Umso überraschender ist es natürlich, dass der “neue” VfB nach acht Spieltagen nur ein Mal verloren hat. Viel überraschender: Das Team hat acht Mal mutig und leidenschaftlich gespielt! Es ist ein bisschen wie unter Alex Zorniger in der Saison 2015/2016 – nur mit Punkten. Diese Mannschaft hat es definitiv verdient, dass knapp 60.000 Fans sie im Stadion frenetisch anfeuern. Und umgekehrt haben die es die treuen und leidensfähigen Fans verdient, diese Mannschaft live im Stadion zu erleben und anzufeuern. Sozusagen als Wiedergutmachung für die vielen blutleeren Auftritte in der vergangenen Zweitliga-Saison.

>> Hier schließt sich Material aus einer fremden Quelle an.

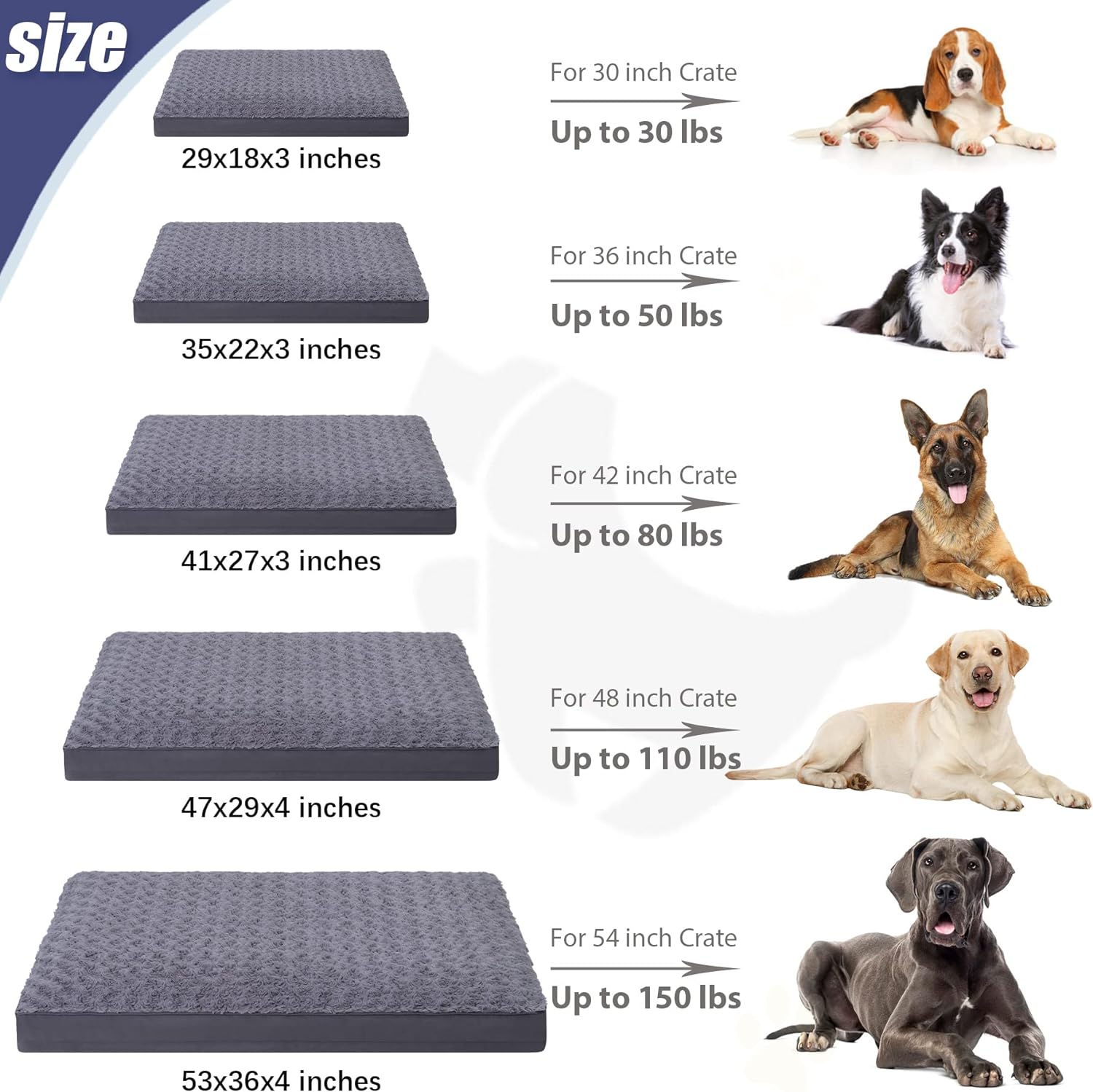orthopedic dog bed size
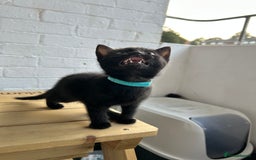 British Longhair cats for sale: Ready to home🤍 3 Black Tabby & 2 Multicoloured - Image 13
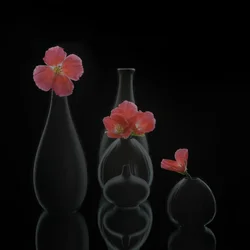 Vases floraux minimalistes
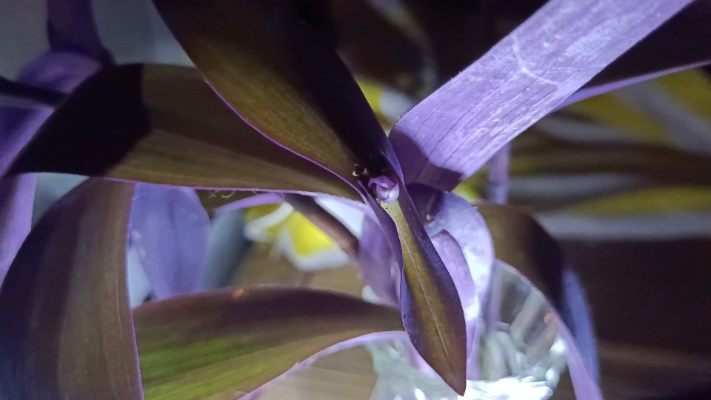 紫竹梅开花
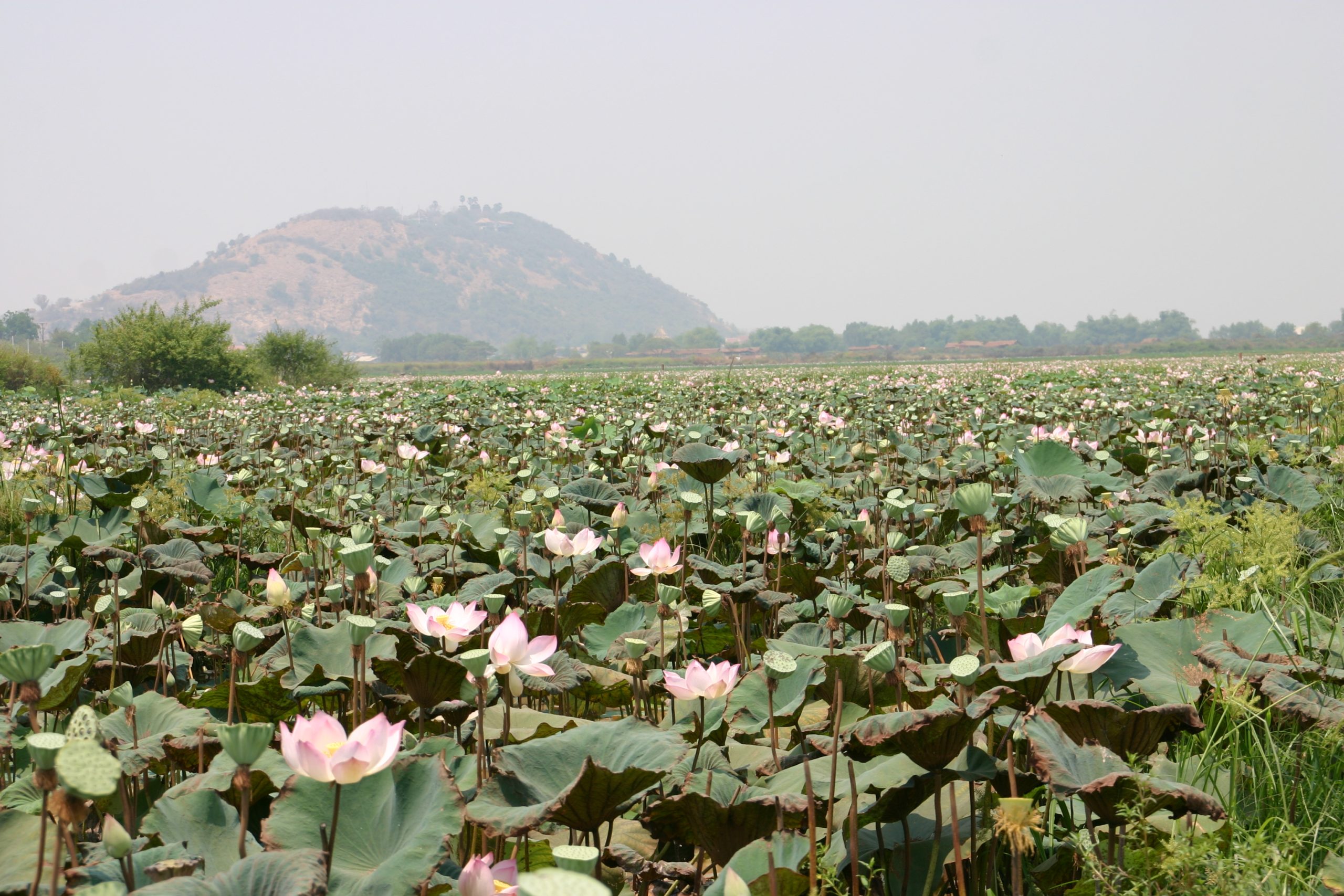 siem-reap-cambodia-worth-the-trip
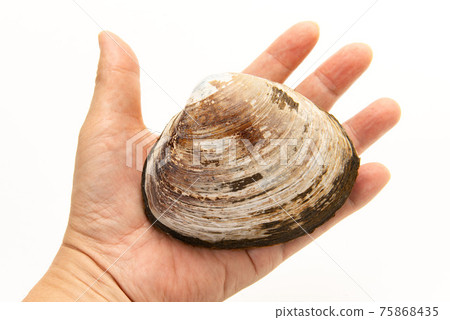 Raw surf clam in hand Raw surf clam in hand 75868435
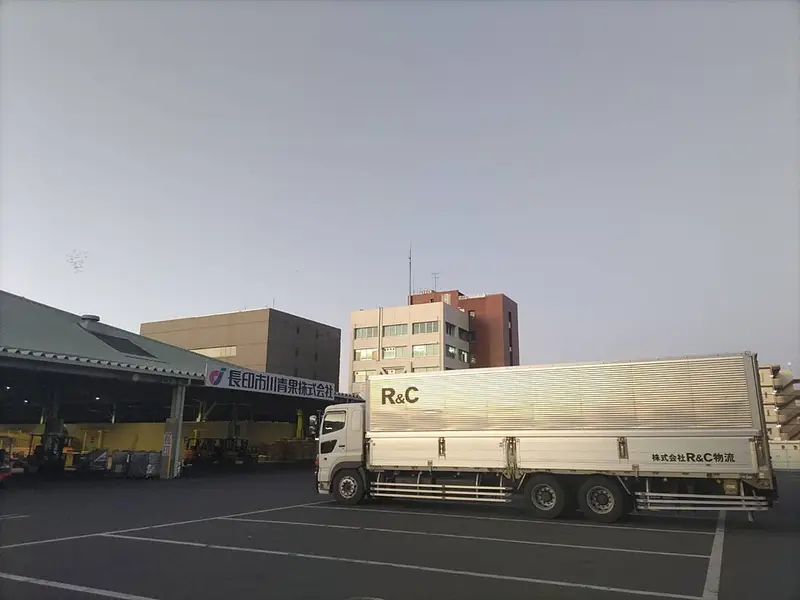 江戸川放水路の釣り場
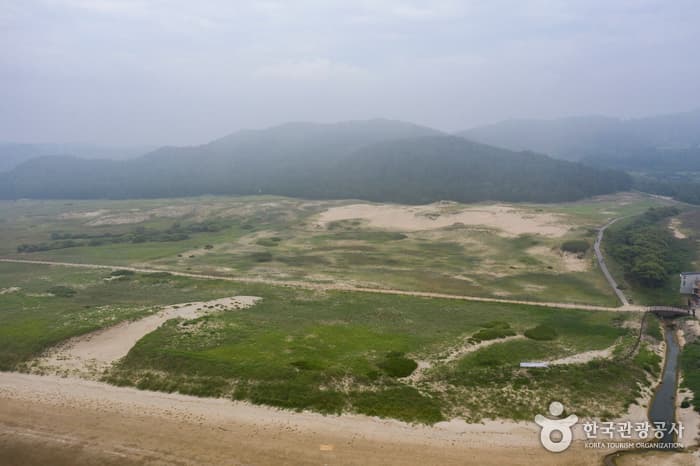 태안 신두리 해안사구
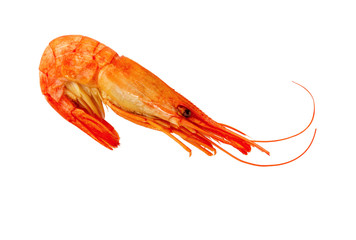  Cooked Prawns or Tiger Shrimps. Seafood.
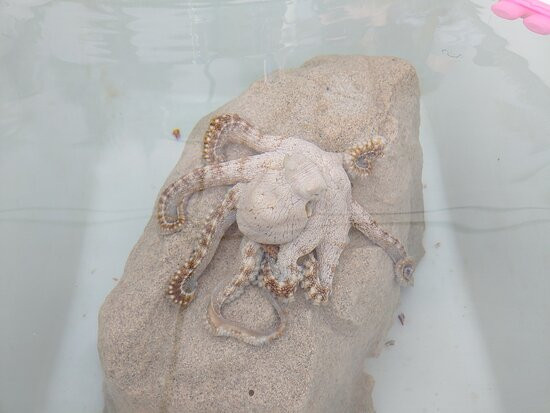 Kanaloa Octopus Farm景点图片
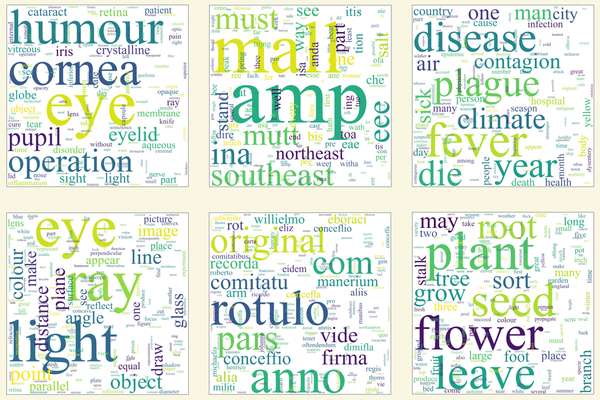 Six word clouds in two rows of three. Each cloud contains very many words of varying sizes. Prominent words include humour, light, amp, flower, disease, plant, plague, eye, climate.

Unter uns: Würde der VfB Stuttgart aktuell nicht so wahnsinnig viel Spaß machen, ich wüsste nicht, ob ich noch Lust auf Geisterspiele hätte. Ich hasse – neben den Sitzschalen – auch das ständige Gebrüll der Spieler auf dem Platz und der Verantwortlichen daneben. “Hey, hey, hee, he, HEY!” Und das 90 Minuten lang. Inklusive des Echos, das von den leeren Rängen zurückgeworfen wird.  Schlimmer ist nur die Tonspur mit den fake Fangesängen. Ebenso intensiv vermisse ich die Statements der organisierten Fanszenen. Das tagesaktuelle Gegengewicht zum Establishment fehlt komplett – und das seit Monaten. Letzte Woche möchte uns Karl-Heinz Rummenigge erklären, was Solidarität bedeutet. Diese Woche erklärt uns Oliver Mintzlaff von RB Leipzig im kicker, wie man solide wirtschaftet, ohne Kredite aufnehmen zu müssen. Was kommt nächste Woche? Manuel Baum erklärt uns, warum er auf Schalke so erfolgreich ist?

Würde der VfB Stuttgart – trotz Datenskandals – aktuell nicht wie ein Eisberg mit rotem Brustring aus dem schmutzigen Meer, das der Profifußball aktuell ist, herausragen, ich würde mir vermutlich eine andere Sportart suchen. Achso, gibt’s ja gerade nicht wirklich, Okay, fick dich, Corona.

Was ich sagen will: Der Fußball braucht seine Fans. Ich brauche seine Fans. Für ihre Stimmung. Für ihre Meinung. Für den Fußball.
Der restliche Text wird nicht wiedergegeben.